Cosma Shalizi

I confess I chose this picture because it makes me seem older and more important than I really am; but it gives a fair impression of my desk (and hair), and people recognize me from it at meetings.
Associate Professor
Statistics Department
Baker Hall 229C
Carnegie Mellon University
5000 Forbes Avenue
Pittsburgh, PA 15213-3890 USA

Center for the Neural Basis of Cognition

Related Faculty
Machine Learning Department

Heinz College of Public Policy


External Professor
Santa Fe Institute

Personal website:

Observe the doubly-stochastic transition matrix on the wall, the implements for machine reconstruction, the collaborators with the patience of angels...
E-mail: cshalizi [at] cmu [dot] edu
I can't help you get into CMU, or hire you.
Also, I won't do peer review for Elsevier.


Interests: Nonparametric prediction of time series; learning theory and nonlinear dynamics; information theory; stochastic automata, state space and hidden Markov models; causation and prediction; large deviations and ergodic theory; neuroscience; statistical mechanics and self-organization; social and complex networks; heavy-tailed distributions.

(For my complete papers, dissertation, CV, selected presentations, etc., please see my main research page. Potential dissertation students should look at my list of on-going and possible projects. If you are not at CMU, by all means apply to our graduate program. I have no influence over admissions, and don't want any, so writing me about that is a waste of your time. I have no openings for post-docs or other employees. Nor will I make an exception for you.)

My work revolves around prediction and inference for dependent, and often high-dimensional, data, drawing on tools from machine learning, nonlinear dynamics and information theory.
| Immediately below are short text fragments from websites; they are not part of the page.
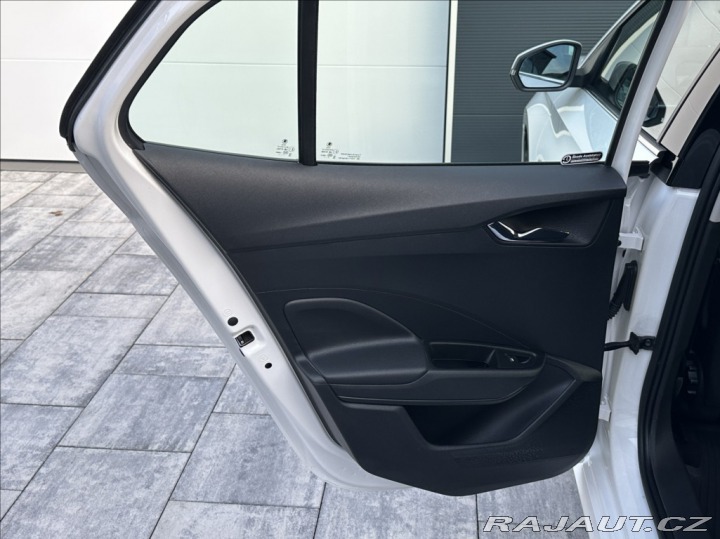 Škoda Fabia 1,0 TSI 110PS Style DSG 2023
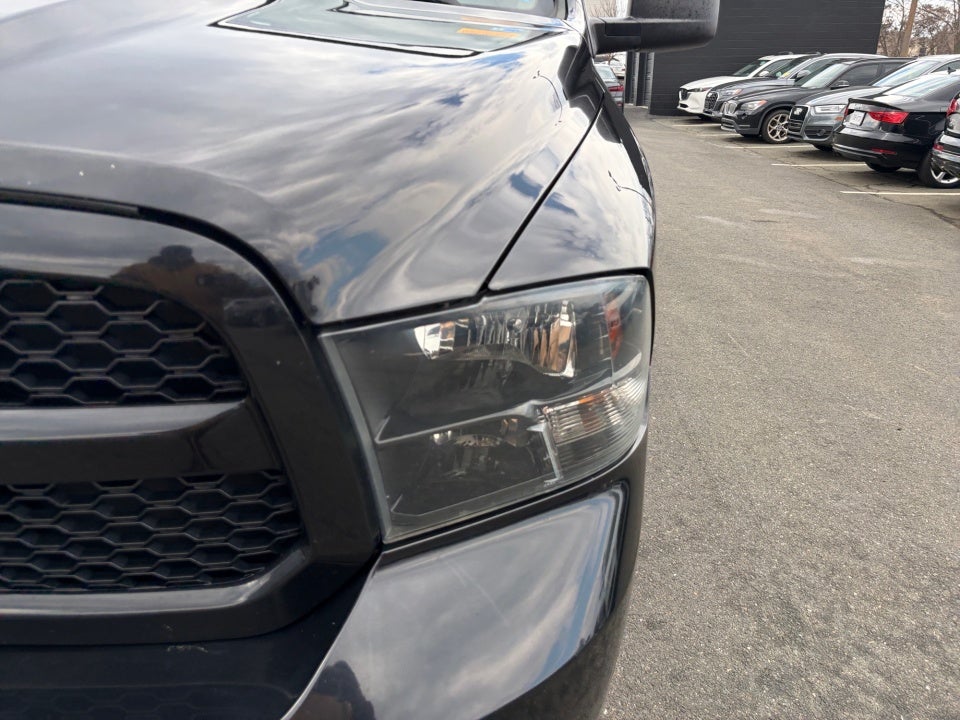 2016 RAM 1500 Express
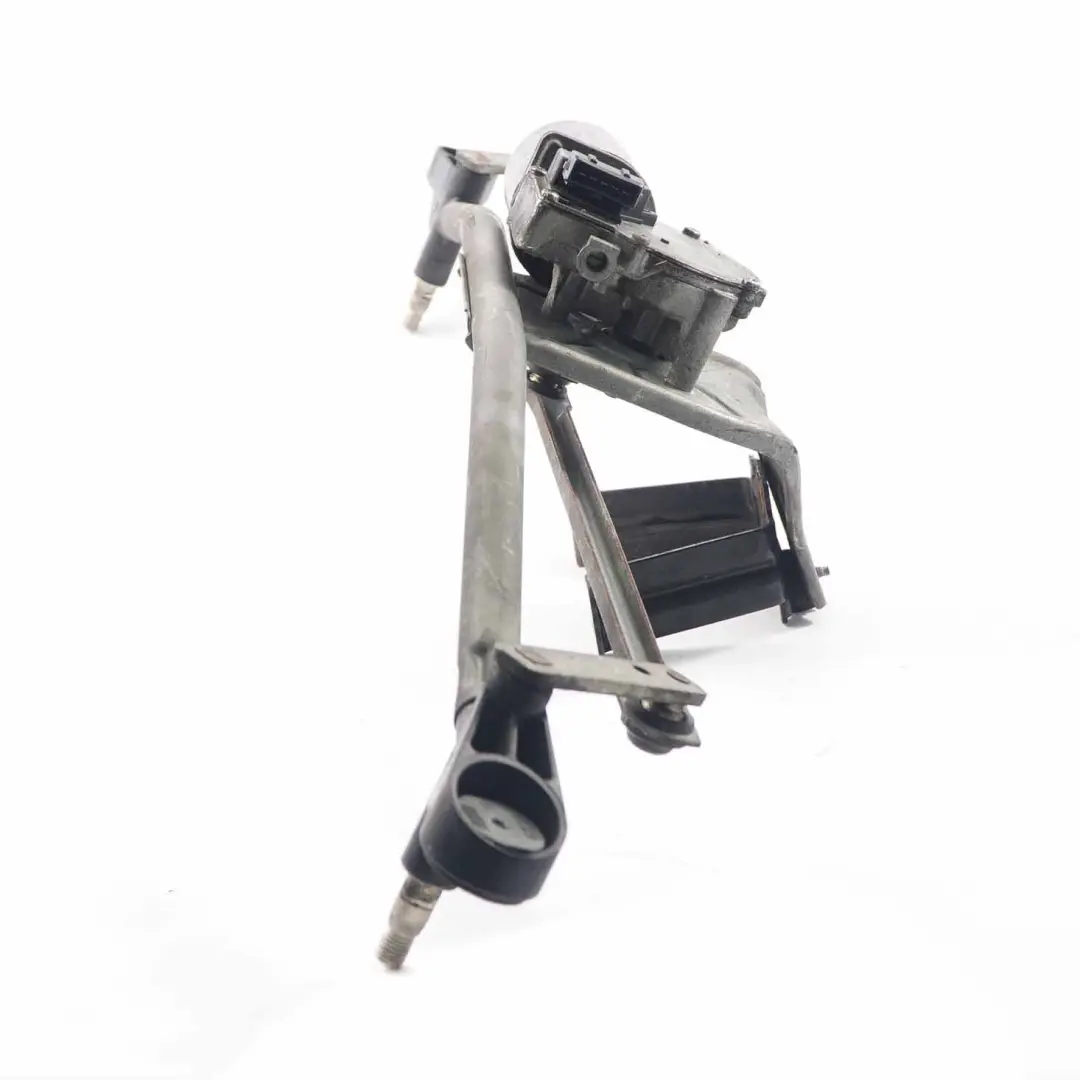 MK6 MK7 Windscreen Wiper Linkage Motor System 404.524 to Ford Transit with Part number YC15-17504 Ford Transit MK6 MK7 Windscreen Wiper Linkage Motor System 404.524 - SKU rhd-YC15-17504 - Part number YC15-17504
My original training is in the statistical physics of complex systems — high-dimensional systems where the variables are strongly interdependent, but cannot be effectively resolved into a single low-dimensional subspace. I particularly worked with symbolic dynamics, and with cellular automata, spatial stochastic processes modeling pattern formation, fluid flow, magnetism and distributed computation, among other things. I remain interested in the role of information theory and statistical inference in the foundations of statistical mechanics, where I think some of the conventional views have things completely backwards

Much of my earlier work involves complexity measures, like thermodynamic depth, and especially Grassberger-Crutchfield-Young "statistical complexity", the amount of information about the past of a system needed to optimally predict its future. This is related to the idea of a minimal predictively-sufficient statistic, and in turn to the existence and uniqueness of a predictively optimal Markovian representation for every stochastic process, whether the original process is Markovian or not. (Details.) The same ideas also work on spatially extended systems, including those where space is an irregular graph or network, only then the predictive representation is a Markov random field.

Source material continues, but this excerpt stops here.